Christian Post columnist R. Albert Mohler, Jr., president of The Southern Baptist Theological Seminary in Louisville, Kentucky, compares business schools and theological seminaries, which are both “tempted to redefine their mission in strictly academic terms.”
In explicating a recent study published in the Harvard Business Review, Mohler passes on the conclusions about the trend among business schools, “Today, it is possible to find tenured professors of management who have never set foot inside a real business, except as customers.”
Mohler writes of a similar threat to theological schools,
It should be unthinkable that the faculty in a theological seminary would include professors of such limited experience in church life. And yet, I have interviewed applicants for faculty positions who, when asked about their church involvement and ministry experience, have virtually nothing to offer. The task of seminary leaders is to make certain that persons of such minimal church experience and commitment are not offered faculty positions in our schools.
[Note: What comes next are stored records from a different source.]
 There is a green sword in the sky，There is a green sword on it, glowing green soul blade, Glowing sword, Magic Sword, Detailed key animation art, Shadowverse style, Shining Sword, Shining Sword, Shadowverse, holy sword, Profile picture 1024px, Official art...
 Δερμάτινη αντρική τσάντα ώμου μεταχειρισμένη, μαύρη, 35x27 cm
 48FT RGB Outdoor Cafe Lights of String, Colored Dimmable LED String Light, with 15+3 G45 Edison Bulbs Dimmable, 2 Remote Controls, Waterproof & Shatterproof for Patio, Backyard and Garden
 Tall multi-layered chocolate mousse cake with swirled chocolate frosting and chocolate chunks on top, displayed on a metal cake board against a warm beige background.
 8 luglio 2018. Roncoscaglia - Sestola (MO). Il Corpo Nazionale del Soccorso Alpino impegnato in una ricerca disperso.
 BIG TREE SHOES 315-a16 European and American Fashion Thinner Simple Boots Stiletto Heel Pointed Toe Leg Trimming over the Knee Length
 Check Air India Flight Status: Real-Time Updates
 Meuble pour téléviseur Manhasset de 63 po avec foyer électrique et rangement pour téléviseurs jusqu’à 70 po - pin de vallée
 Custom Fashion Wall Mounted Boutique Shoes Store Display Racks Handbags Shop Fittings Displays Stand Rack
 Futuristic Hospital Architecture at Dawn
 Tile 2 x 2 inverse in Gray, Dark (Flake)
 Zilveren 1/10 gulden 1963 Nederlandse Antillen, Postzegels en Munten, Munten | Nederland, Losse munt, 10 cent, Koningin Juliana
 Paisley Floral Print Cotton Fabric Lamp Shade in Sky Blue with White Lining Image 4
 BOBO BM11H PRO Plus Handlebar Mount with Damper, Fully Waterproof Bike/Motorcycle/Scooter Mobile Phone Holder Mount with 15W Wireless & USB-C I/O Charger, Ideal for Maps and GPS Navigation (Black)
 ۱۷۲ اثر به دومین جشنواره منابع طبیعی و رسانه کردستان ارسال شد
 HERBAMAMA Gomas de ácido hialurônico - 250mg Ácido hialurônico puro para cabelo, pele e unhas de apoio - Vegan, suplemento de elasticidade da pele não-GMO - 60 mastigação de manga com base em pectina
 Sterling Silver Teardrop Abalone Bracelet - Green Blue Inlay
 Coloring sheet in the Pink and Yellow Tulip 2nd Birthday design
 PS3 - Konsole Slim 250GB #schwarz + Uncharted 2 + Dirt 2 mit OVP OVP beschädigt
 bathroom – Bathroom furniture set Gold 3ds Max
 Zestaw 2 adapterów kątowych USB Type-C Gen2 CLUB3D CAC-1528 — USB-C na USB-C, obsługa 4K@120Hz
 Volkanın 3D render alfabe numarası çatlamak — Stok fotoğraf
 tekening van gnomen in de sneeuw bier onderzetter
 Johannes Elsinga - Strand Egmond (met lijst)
With all due respect to Dr. Mohler, my experience with seminary theological traning is that it is becoming less academically rigorous, not more. True systematic theology, for example, is often viewed by ministerial candidates as too difficult and not practical enough, so instead of reading Louis Berkhof’s Systematic Theology or Herman Bavinck’s Reformed Dogmatics, students might read Philip Yancey’s What’s So Amazing about Grace?